Thomas Pfeiffer colomar at autistici.org
Thu Jan 31 12:40:59 UTC 2013


On Thursday 31 January 2013 13:03:11 Marco Martin wrote:
> On Thursday 31 January 2013, Thomas Pfeiffer wrote:
> > > still not wholely formed, but maybe edging somewhere useful.
> > 
> > Well, I see that we have to take this discussion one step back.
> > Both you and Marco mainly criticized my idea of a UI solution, which is
> > fine and generally useful, but isn't what I really had intended. Again:
> > The UI is merely an implementation detail.
> > What we have to decide is: Do we dare the big paradigm shift?
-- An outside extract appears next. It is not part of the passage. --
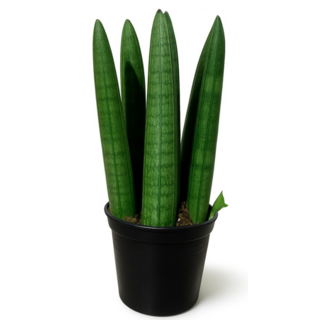 공기정화식물 본셀스투키 5~6촉 6.5cm화분 1개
Do we want
> > to
> > replace "Plasma Media Center" (with its functions to play music and play
> 
> about this (to go a while in devil's advocate mode), there is one thing i'm
> a bit concerned of which i couldn't think about a solution yet (it all
> depends on how things are done in the end i guess)

It's important to have people which are not easily convinced. By the time we 
have convinced you, you'll have forced us to make the vision much clearer than 
it is rite now :)

> the big great advantage of a paradigm based on "apps" is the virtually
> infinite scalability of the process.
> takes little time for developers to pick up the platform and start to
> develop. also, scales in the sense that being an application something
> quite isolated that just a couple of developers can work on, is easy to
> have, say 1000 developers working to produce software on it, without
> significant coordination problems.
> 
> now, is this the best thing for the user? surely not, indeed the results
> tend to be an uncoordinated mess, but it works in the sense is something
> that can actually be delivered.

Yes, that works well for Apple and Google, but as Aaron once wrote, we're not 
planning to "play the App game". That does _not_ mean we should lock out 
traditional 3rd party app developers, though.
There always has to be a way to start traditional, isolated 3rd party apps. 
That does not mean we can't integrate what the KDE community - and those 3rd 
parties which are interested in tight integration - ships better, though, does 
it?

> Now, the risk i see in a deeply integrated system, is a great difficulty of
> coordination, and a very steep learning curve for 3rd parties, having
> something that looks like a single big application that tries to catch
> everyrhing, without being really efficient in any particular task, and with
> the risk of not being possible to model some task we completely didn't hink
> about.
> 
> Also it shouldn't feel like something that gives the impression of forcing
> the user to "compile a bureaucratic form" before being allowed to do
> something, i'm usually very suspicious to any design that "adds" ui,
> instead of removing it.

Agreed. Nobody wants to add complexity. What I want to achieve is _shift_ it 
from applications to a central workflow and reduce the cognitive load at the 
same time
Take this example: Contacting a person via a specific means of communication 
always needs two steps: Selecting a person and selecting the means.
In the application-centric world, you first choose an application associated 
with a specific means of communication, then you look if the person is 
available and then start the conversation.
In the task-centric view, you just select a person, see what means of 
communication are currently available to contact that person, and then you 
choose the means you prefer.
This is way superior, because
- You don't have to remember which application is used for which means of 
communication
- You don't have to remember which means of communication the person you want 
to contact even uses
- You don't have to know whether the person is currently online in a specific 
network before you choose an application
All that will be possible as soon as the contacts belonging to a natural 
person in all the different menas of communication are associated to that 
person in KPeople. And this is why KDE technologies are so super awesome!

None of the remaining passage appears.